Langue de conquête importée ?

D’entrée de jeu, l’arabe, né dans la péninsule arabique à l’âge de fer (1 200 ans av. J.-C.), serait ainsi exclu par l’ACALAN, car perçu au sud du Sahara comme une langue de conquête importée. Cette langue, qui fait partie des huit langues les plus parlées au monde, figure pourtant dans l’une des quatre grandes familles de langues africaines identifiées jusqu’à présent. En Afrique, ils sont au moins 150 millions d’arabophones, de l’Egypte (92 millions d’habitants) au Maroc (34 millions) en passant par l’Algérie (40 millions), la Tunisie (11 millions) et la Lybie (6 millions).

La famille de langues africaines la plus prolifique provient de la très grande zone « Niger-Congo », avec 1 456 langues dont 500 relèvent du sous-groupe bantou où l’on trouve les langues les plus parlées d’Afrique. S’y trouve ainsi le kiswahili, qui sert de lingua franca (langue véhiculaire) dans toute la partie orientale de l’Afrique. Il compte de 100 à 150 millions de locuteurs dans dix pays, qui l’utilisent le plus souvent comme seconde langue. Cette zone swahiliphone va des cinq provinces orientales de la République démocratique du Congo au Mozambique, en passant par les Grands Lacs (Rwanda, Ouganda, Burundi, Tanzanie), le Kenya et la Somalie.

« Hakuna matata », « pas de problème », est sans doute l’expression la plus connue du kiswahili, dont les proverbes figurent sur des pagnes vendus de Lamu au Kenya jusqu’au Cap en Afrique du Sud. Popularisée à travers le monde, grâce au dessin animé Le roi lion de Walt Disney, cette langue, née chez les planteurs de girofle de l’archipel de Zanzibar, dans l’actuelle Tanzanie, comporte de nombreux mots d’arabe, en raison de la forte influence d’Oman sur les rives orientales de l’Afrique. D’abord transcrite en arabe, elle est maintenant écrite en alphabet romain. L’une des tâches de l’ACALAN dans son futur atlas consistera à trancher sur le shikomor, langue officielle des Comores, tenu pour un dialecte du swahili par certains et pour une langue à part entière par d’autres.

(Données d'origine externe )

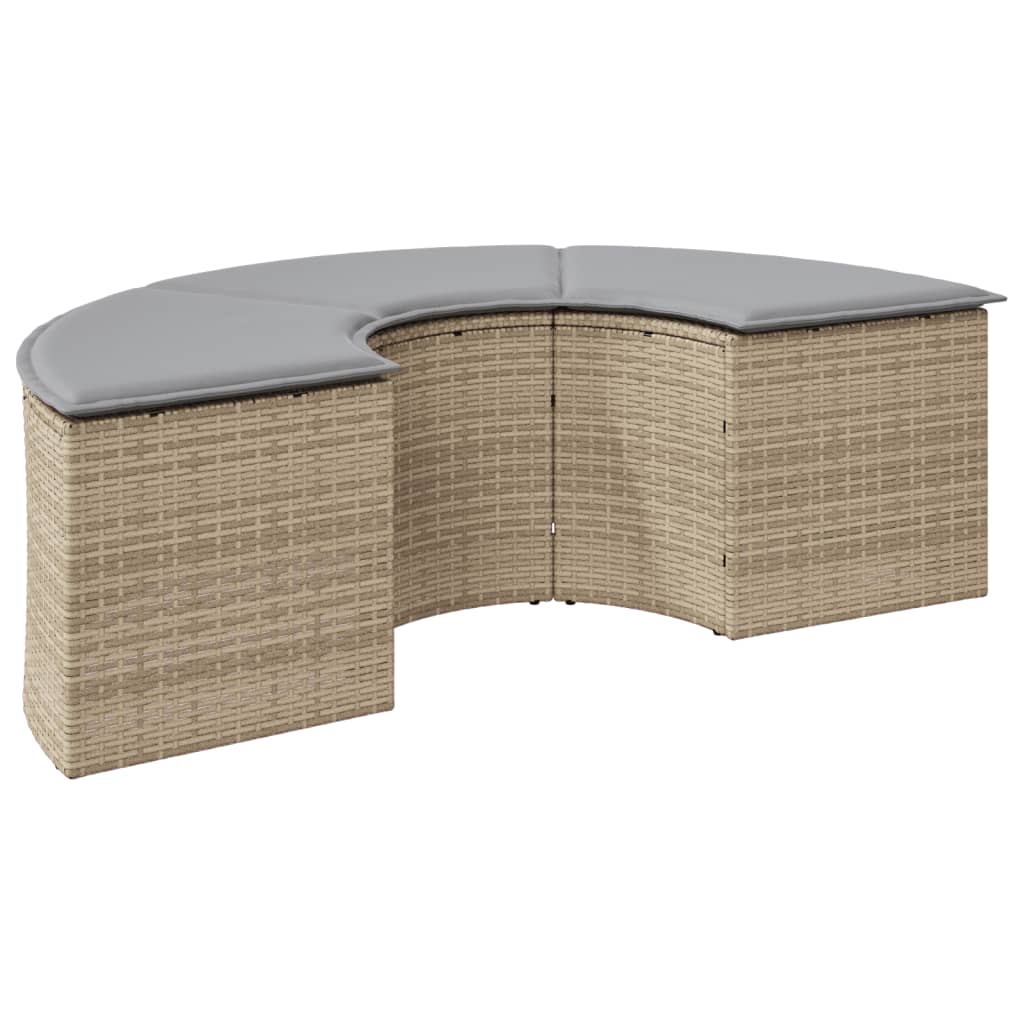 vidaXL Poggiapiedi da Giardino con Cuscino Beige in Polyrattan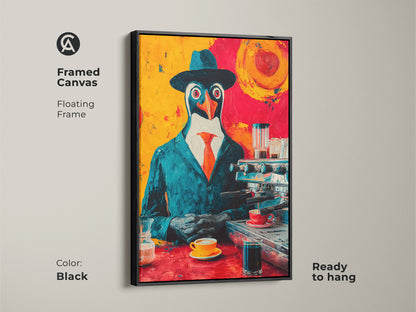 Framed canvas of the penguin barista pop art with a black floating frame. It's ready to hang and is perfect for adding a unique touch to any office or home. This eclectic animal artwork is a great gift for coffee enthusiasts. The vibrant print makes it a bold statement.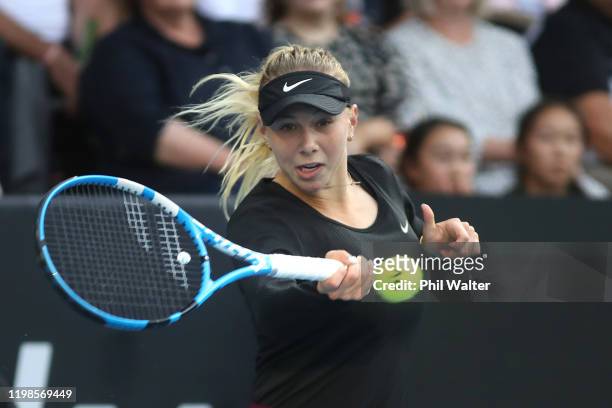 Amanda Anisimova of the USA plays a forehand during her quarterfinal match against Eugenie Bouchard of Canada during day five of the 2020 Women's ASB...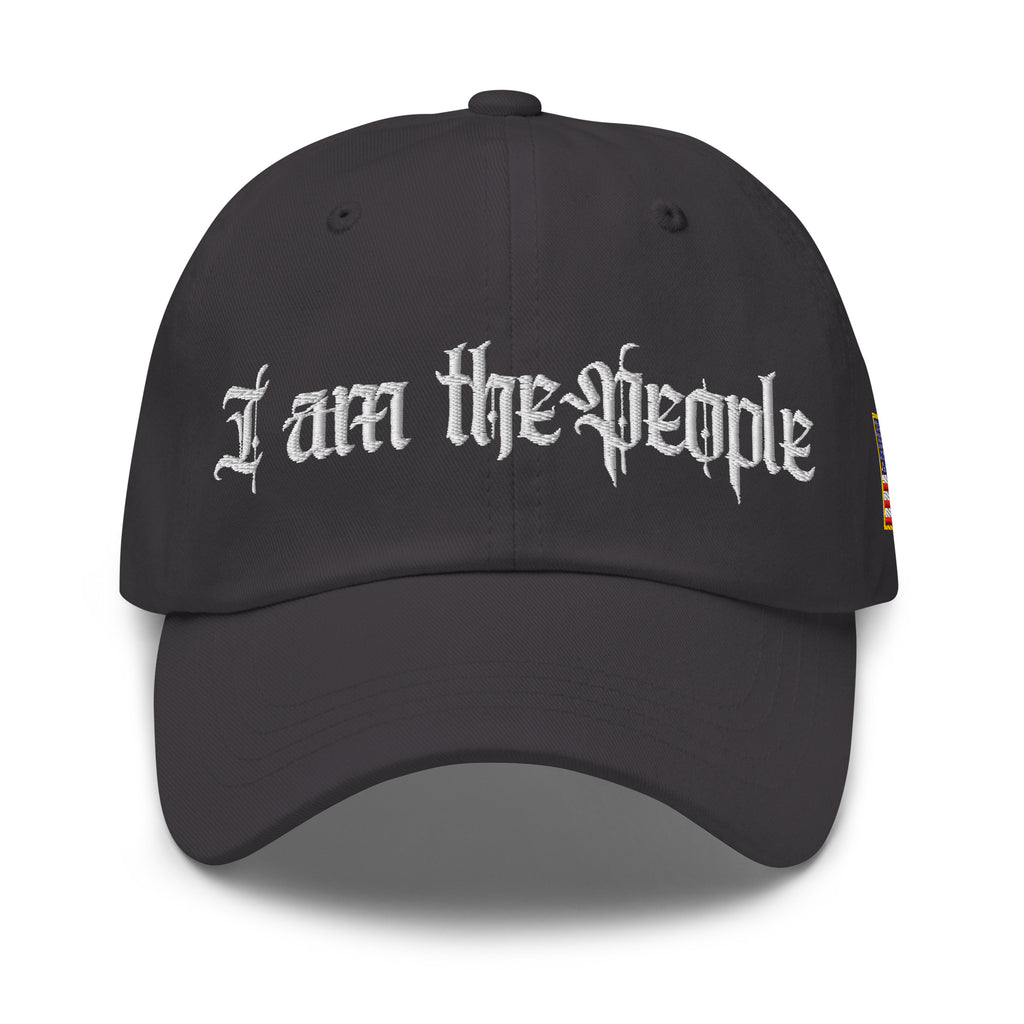 Dark Grey low-profile dad hat with embroidered I Am the People front design, front view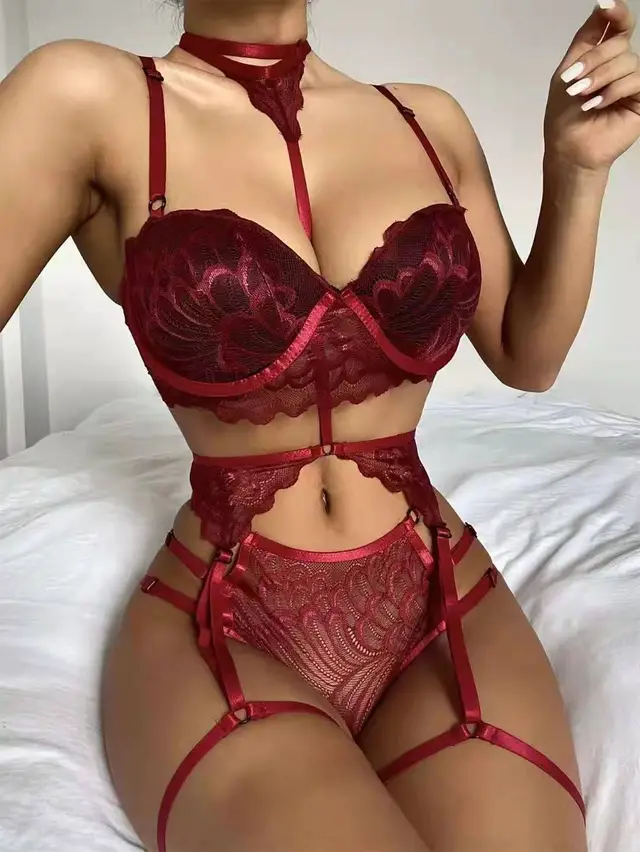 Xun Hot Lace Sexy Temptation Three Point Suit Sexy Lingerie Red - Shop at LoveMi
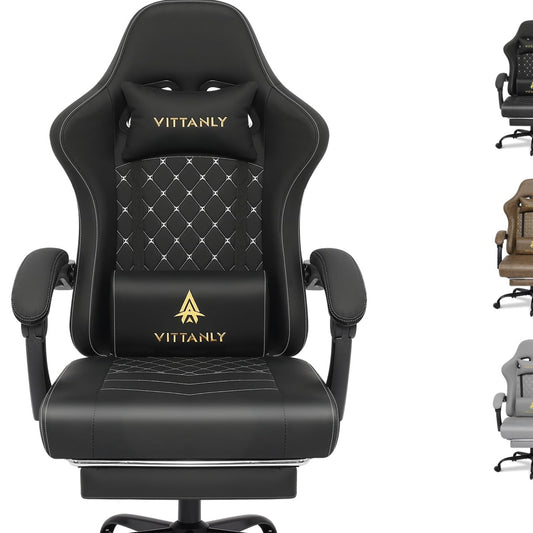 Vittanly Gaming Chair with Spring Cushion, Ergonomic Gaming Chair, Gamer Chair with Headrest, Lumbar Cushion and Footrest, Height-Adjustable Rotating Gaming Chair, Office Chair, 150 kg, Black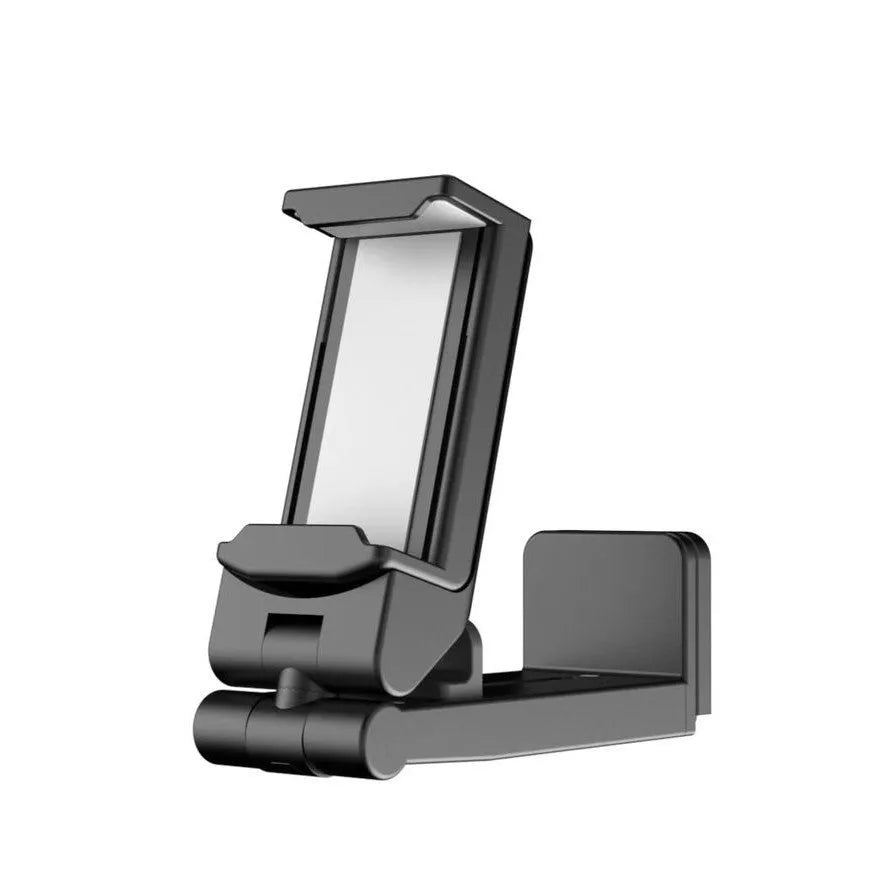 Foldable rotating universal phone holder in black, shown in an open position holding a mobile phone.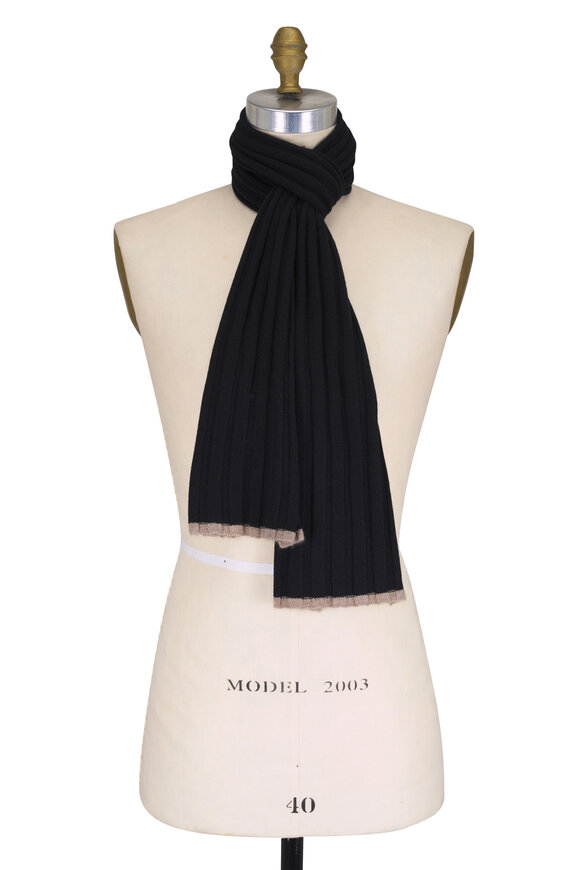 Brunello Cucinelli Black & Brown Ribbed Cashmere Scarf - view 1
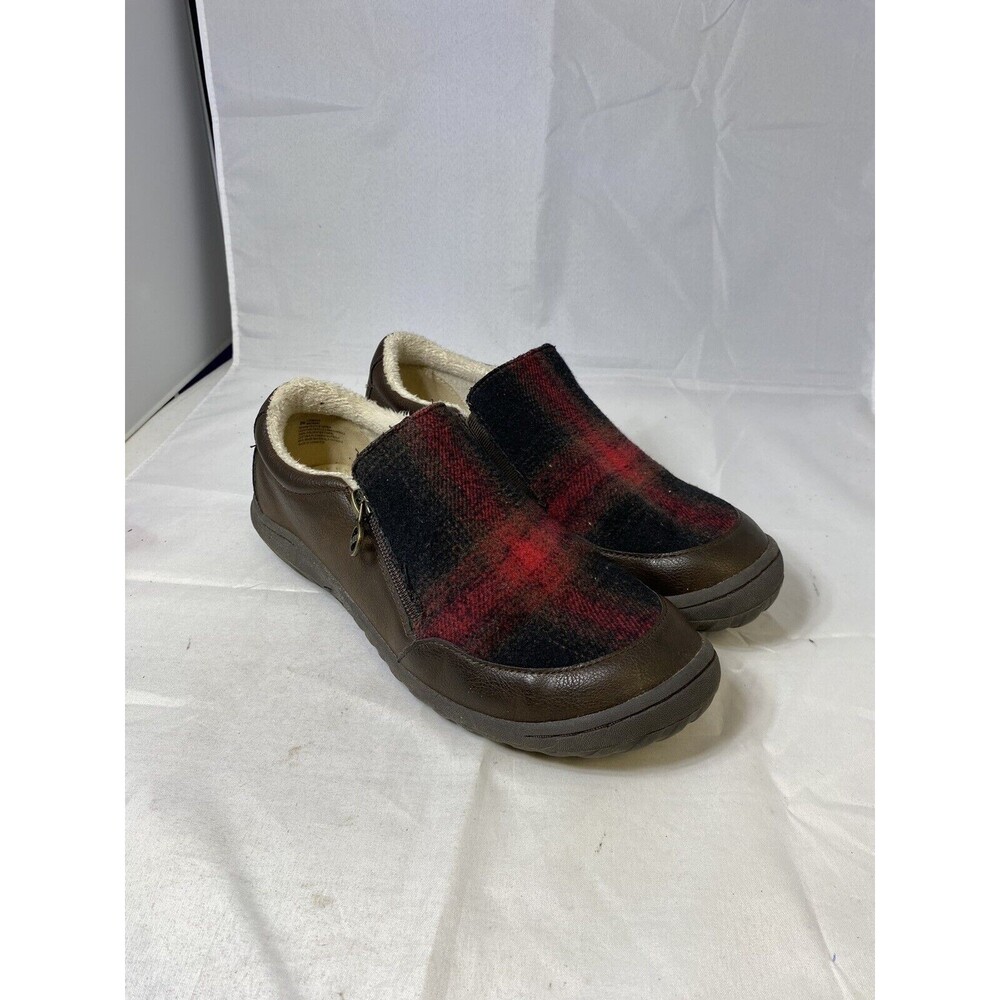 Jbu Women's Shoes With Side Zippers And Plaid Fronts And Leather Lowers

Le lingala, transporté aux quatre coins du monde par la rumba congolaise et l’importante diaspora congolaise, compte environ 13 millions de locuteurs dans les deux Congo, en Centrafrique et en Angola. Faute de sources fiables et à jour, les estimations varient très largement de 2,2 millions de locuteurs ayant le lingala comme langue maternelle selon l’Université de Laval (Québec) et le laboratoire de recensement mondial des langues Ethnologue, à environ 10 millions selon l’encyclopédie Britannica et le Centre national de la recherche scientifique (CNRS) français, tandis qu’ils seraient entre 20 et 25 millions selon l’Université de l’Indiana, aux États-Unis.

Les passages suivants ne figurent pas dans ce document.